The identical. Now, will we see broadcasting if b has only a single batch?

b = tf$fixed(keras::array_reshape(101:103, dim = c(1, 3)))
b
# tf.Tensor([[101. 102. 103.]], form=(1, 3), dtype=float64)

c <- tf$linalg$matvec(a, b)
c
# tf.Tensor(
# [[ 614. 1532.]
#  [2450. 3368.]], form=(2, 2), dtype=float64)

Multiplying each batch of a with b, for comparability:

tf$linalg$matvec(a[1,  , ], b)
# tf.Tensor([ 614. 1532.], form=(2,), dtype=float64)

tf$linalg$matvec(a[2,  , ], b)
# tf.Tensor([[2450. 3368.]], form=(1, 2), dtype=float64)

It labored!

Now, on to the opposite motivating instance, utilizing tfprobability.

Broadcasting in all places

Right here once more is the setup:

library(tfprobability)
d <- tfd_normal(loc = c(0, 1), scale = matrix(1.5:4.5, ncol = 2, byrow = TRUE))
d
# tfp.distributions.Regular("Regular", batch_shape=[2, 2], event_shape=[], dtype=float64)

What’s going on?
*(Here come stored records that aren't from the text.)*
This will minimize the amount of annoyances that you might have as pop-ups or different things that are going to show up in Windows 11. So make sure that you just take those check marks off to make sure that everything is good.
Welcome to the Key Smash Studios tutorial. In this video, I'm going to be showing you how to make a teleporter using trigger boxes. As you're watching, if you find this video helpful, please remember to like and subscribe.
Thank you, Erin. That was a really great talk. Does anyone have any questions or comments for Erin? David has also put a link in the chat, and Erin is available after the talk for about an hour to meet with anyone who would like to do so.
Let’s examine location and scale individually:

d$loc
# tf.Tensor([0. 1.], form=(2,), dtype=float64)

d$scale
# tf.Tensor(
# [[1.5 2.5]
#  [3.5 4.5]], form=(2, 2), dtype=float64)

Simply specializing in these tensors and their shapes, and having been instructed that there’s broadcasting occurring, we will cause like this: Aligning each shapes on the suitable and increasing loc’s form by 1 (on the left), we now have (1, 2) which can be broadcast with (2,2) – in matrix-speak, loc is handled as a row and duplicated.
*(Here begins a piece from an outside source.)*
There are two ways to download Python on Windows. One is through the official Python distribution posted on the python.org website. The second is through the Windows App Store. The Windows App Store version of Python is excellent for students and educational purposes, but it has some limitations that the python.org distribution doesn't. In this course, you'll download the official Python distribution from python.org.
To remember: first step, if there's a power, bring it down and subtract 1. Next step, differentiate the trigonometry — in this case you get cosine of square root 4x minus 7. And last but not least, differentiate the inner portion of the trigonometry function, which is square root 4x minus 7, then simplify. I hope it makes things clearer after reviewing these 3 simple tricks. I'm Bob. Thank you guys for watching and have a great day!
That means: Now we have two distributions with imply (0) (considered one of scale (1.5), the opposite of scale (3.5)), and in addition two with imply (1) (corresponding scales being (2.5) and (4.5)).
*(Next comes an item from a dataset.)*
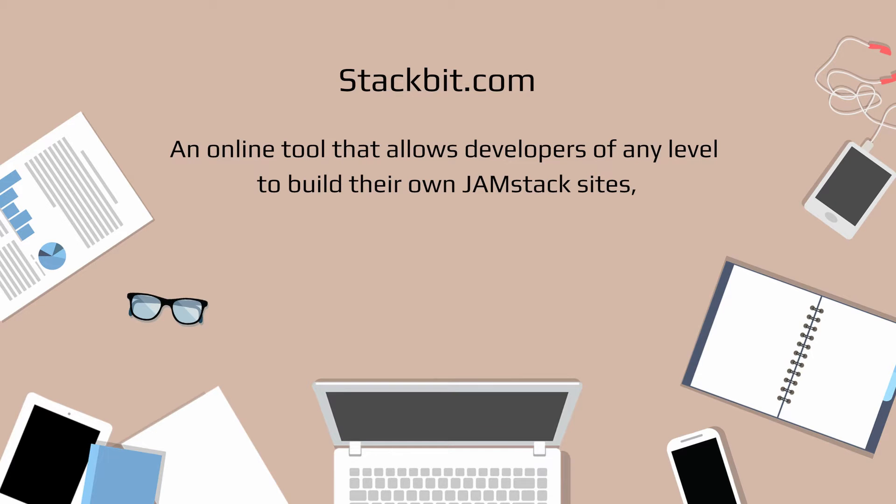Hello everyone, let's take a look at this amazing online tool called Stackbit. And what Stackbit does, it allows developers of any level to build their own Jamstack website.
Right here’s a extra direct technique to see this:

d$imply()
# tf.Tensor(
# [[0. 1.]
#  [0. 1.]], form=(2, 2), dtype=float64)

d$stddev()
# tf.Tensor(
# [[1.5 2.5]
#  [3.5 4.5]], form=(2, 2), dtype=float64)

Puzzle solved!

Summing up, broadcasting is straightforward “in principle” (its guidelines are), however might have some training to get it proper. Particularly together with the truth that features / operators do have their very own views on which elements of its inputs ought to broadcast, and which shouldn’t. Actually, there isn’t a manner round trying up the precise behaviors within the documentation.

Hopefully although, you’ve discovered this submit to be begin into the subject. Possibly, just like the writer, you are feeling such as you may see broadcasting occurring wherever on the planet now. Thanks for studying!